Once again, Sobchak was accused of trying to have it both ways.

Until she didn’t.

What really happened?

The Sobchak criminal case and her escape from Russia is a hot topic not only in Russia but also in Ukraine and among Russian dissidents in other countries.

As a former Russian journalist and political commentator, I have watched political life in Russia for 25 years. I have also seen up close the intertwined relations of the political and media elites — the worlds in which Sobchak lived — and I know many of these people personally.
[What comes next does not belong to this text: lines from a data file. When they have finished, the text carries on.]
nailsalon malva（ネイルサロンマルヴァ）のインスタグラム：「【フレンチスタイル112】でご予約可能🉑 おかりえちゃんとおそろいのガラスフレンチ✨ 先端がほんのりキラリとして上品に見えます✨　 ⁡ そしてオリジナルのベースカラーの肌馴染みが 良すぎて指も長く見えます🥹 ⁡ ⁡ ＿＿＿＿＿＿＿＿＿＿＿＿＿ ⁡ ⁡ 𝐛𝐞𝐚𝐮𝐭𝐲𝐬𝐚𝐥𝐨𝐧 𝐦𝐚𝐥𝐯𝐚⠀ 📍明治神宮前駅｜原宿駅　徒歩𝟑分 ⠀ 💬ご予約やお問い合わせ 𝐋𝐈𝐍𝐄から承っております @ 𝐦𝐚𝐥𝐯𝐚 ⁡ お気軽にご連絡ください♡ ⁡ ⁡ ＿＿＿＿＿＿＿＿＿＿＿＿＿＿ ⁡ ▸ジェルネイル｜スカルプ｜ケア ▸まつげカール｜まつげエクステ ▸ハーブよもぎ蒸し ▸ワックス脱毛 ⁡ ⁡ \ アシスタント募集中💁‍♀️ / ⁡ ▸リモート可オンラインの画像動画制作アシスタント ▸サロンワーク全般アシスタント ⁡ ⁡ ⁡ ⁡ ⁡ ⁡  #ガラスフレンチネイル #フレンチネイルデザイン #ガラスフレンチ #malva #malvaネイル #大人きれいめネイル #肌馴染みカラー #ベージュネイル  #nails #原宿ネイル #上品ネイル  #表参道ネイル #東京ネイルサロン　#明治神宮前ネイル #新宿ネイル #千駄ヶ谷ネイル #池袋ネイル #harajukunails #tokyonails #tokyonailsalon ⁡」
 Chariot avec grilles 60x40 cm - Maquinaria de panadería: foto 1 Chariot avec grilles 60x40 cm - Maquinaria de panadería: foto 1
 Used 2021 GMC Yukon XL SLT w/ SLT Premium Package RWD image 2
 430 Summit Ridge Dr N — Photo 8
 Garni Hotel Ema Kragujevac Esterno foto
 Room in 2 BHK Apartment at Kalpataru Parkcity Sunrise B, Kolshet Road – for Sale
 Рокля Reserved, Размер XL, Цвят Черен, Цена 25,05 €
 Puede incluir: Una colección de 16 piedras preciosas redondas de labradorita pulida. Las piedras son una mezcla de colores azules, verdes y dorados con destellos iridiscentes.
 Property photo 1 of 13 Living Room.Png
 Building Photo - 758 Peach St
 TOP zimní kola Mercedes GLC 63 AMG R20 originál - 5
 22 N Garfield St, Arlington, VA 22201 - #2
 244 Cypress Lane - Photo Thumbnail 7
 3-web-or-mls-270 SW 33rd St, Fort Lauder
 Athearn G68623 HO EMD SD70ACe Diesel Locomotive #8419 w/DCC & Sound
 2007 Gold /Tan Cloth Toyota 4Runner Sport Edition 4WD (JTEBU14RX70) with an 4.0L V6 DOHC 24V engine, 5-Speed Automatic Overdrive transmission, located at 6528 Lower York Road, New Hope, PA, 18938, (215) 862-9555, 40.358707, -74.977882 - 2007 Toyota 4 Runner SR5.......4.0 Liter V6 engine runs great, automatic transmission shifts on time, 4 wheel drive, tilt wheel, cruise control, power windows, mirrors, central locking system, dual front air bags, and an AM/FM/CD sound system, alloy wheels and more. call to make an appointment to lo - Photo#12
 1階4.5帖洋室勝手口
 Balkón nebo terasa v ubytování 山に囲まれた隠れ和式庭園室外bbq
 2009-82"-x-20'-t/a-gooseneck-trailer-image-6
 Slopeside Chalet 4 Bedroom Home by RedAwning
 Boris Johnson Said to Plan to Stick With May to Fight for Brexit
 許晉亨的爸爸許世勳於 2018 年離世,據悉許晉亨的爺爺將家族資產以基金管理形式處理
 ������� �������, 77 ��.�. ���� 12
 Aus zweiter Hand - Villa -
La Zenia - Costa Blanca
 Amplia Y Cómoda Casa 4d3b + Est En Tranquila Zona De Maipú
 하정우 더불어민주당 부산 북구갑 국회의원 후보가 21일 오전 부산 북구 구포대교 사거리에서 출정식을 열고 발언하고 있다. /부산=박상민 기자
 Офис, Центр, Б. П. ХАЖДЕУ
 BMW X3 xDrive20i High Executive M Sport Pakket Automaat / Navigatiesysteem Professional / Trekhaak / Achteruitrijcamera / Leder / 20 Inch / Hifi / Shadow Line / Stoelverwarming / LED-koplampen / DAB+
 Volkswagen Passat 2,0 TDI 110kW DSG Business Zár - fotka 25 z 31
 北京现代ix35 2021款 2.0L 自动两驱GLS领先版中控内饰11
But whoever was behind the pursuit of Sobchak, one thing is clear to me: This really is a signal to the elites who remain in Russia. While millions of ordinary Russians will always associate Sobchak’s name and career with words like “circus” and “farce,” for the elites her fate can be seen only as a profoundly frightening and dangerous development. It’s like an artillery shell that has exploded not in Donetsk, in eastern Ukraine, but in their backyards.

At risk are any of the more liberal-minded, Western-leaning Russians — and there are many — who have felt safe in a kind of cocoon of the wealthy and well-connected. There are politicians in this group, along with business leaders, artists and others. Now, any sense of safety in that cocoon is shattered. Even a connection to Putin himself is no longer a shield. Because the other people who have absorbed a lesson from the Sobchak story are the police and the security services — the lesson being that they have a free hand to go after targets they may have long despised but never dared touch. Until now.